* Stored data:
"""

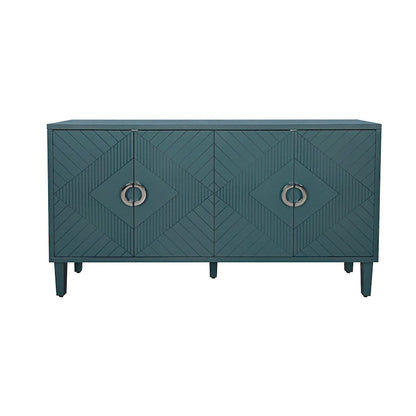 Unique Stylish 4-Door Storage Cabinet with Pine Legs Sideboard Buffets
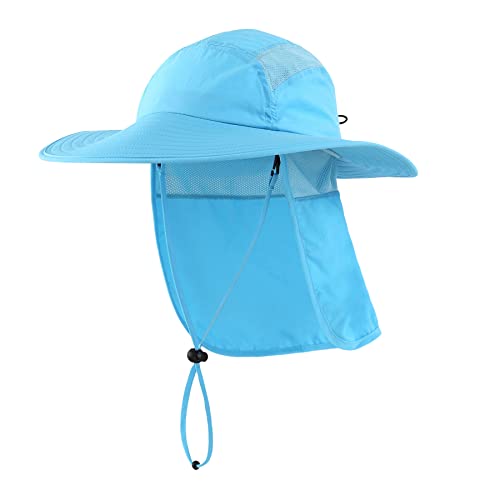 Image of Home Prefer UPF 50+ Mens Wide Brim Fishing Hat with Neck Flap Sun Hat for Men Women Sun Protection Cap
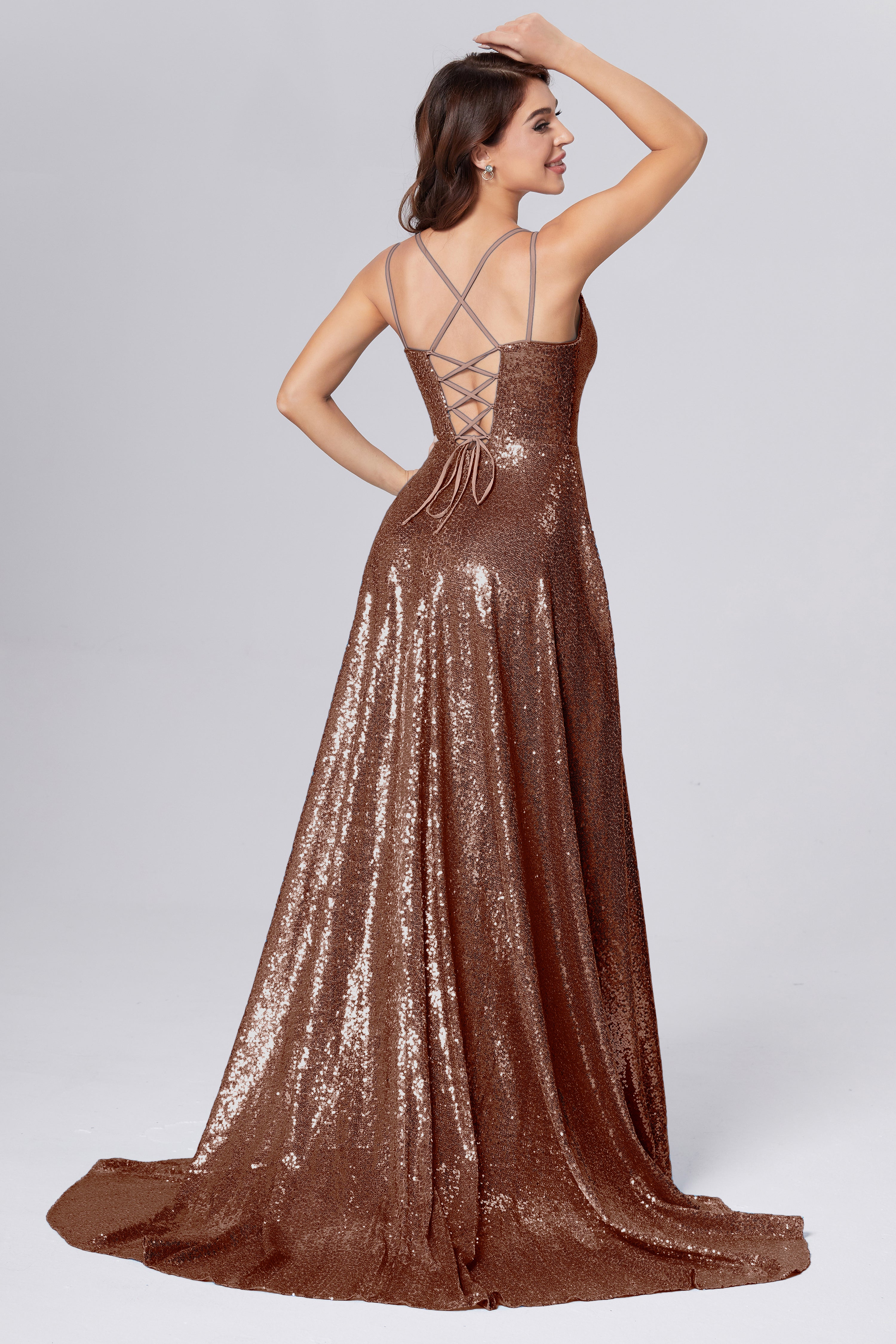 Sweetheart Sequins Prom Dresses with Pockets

"""

* Exercise aim: Go through the material above and print all of it exactly, except the pictures.

* Answer for the task:
 Unique Stylish 4-Door Storage Cabinet with Pine Legs Sideboard Buffets
 Image of Home Prefer UPF 50+ Mens Wide Brim Fishing Hat with Neck Flap Sun Hat for Men Women Sun Protection Cap
 Sweetheart Sequins Prom Dresses with Pockets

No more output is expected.